■ Source information ■

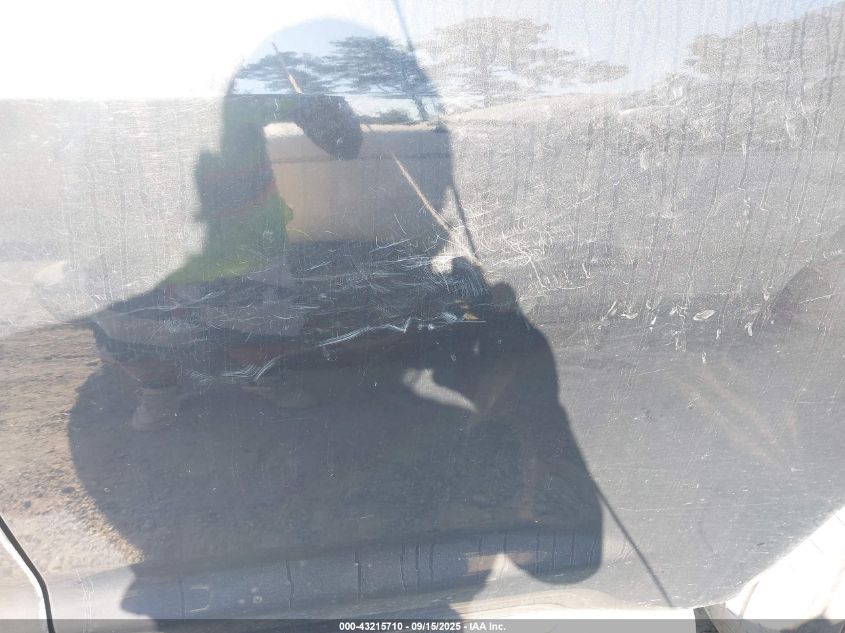 2008 Toyota Sequoia Platinum 5.7L V8 VIN: 5TDZY67A38S013044 Lot: 43215710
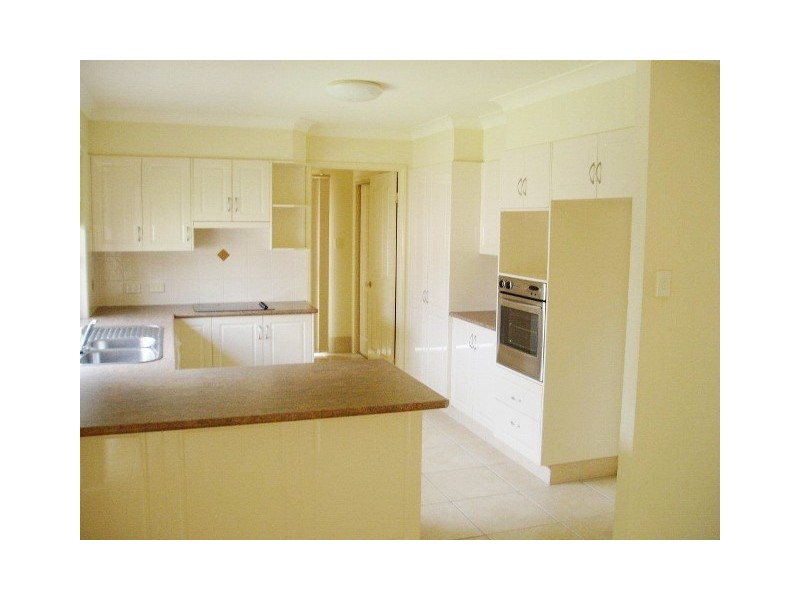 2 / 5 Seabreeze Blvde, Pottsville NSW 2489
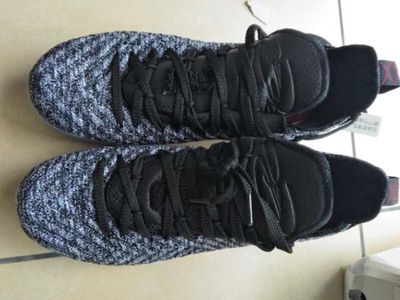 鞋子收到了 挺好看的 挺满意的 物流也挺快的 上脚也挺舒服的 好评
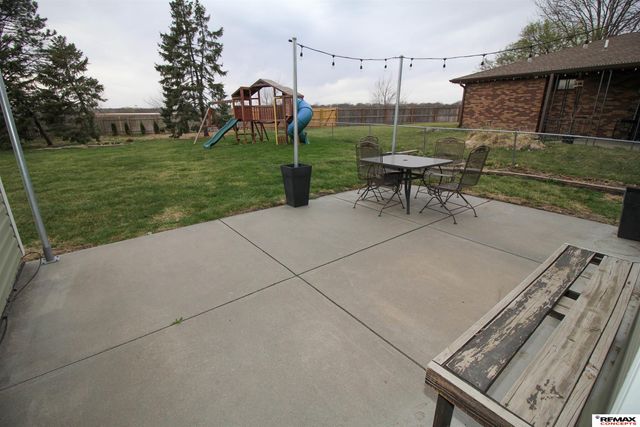 8509 Horizon Drive, Lincoln, NE 68505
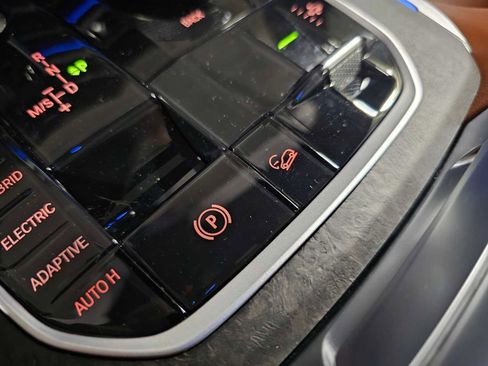 Used 2022 BMW X5 xDrive45e w/ M Sport Package image 26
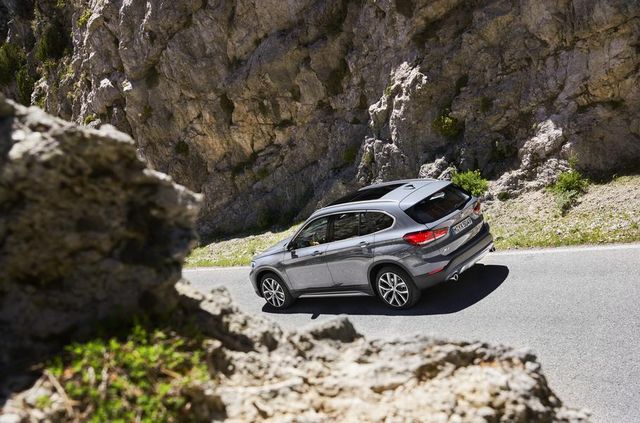 Оновлений BMW X1 став надекономічним гібридом - фото 330647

■ What the task asks ■
Starting with the line that contains "8509 Horizon Drive, Lincoln, NE 68505", print every remaining line of the records above, exactly as it stands. Do not print the pictures.

■ Answer box ■
 8509 Horizon Drive, Lincoln, NE 68505
 Used 2022 BMW X5 xDrive45e w/ M Sport Package image 26
 Оновлений BMW X1 став надекономічним гібридом - фото 330647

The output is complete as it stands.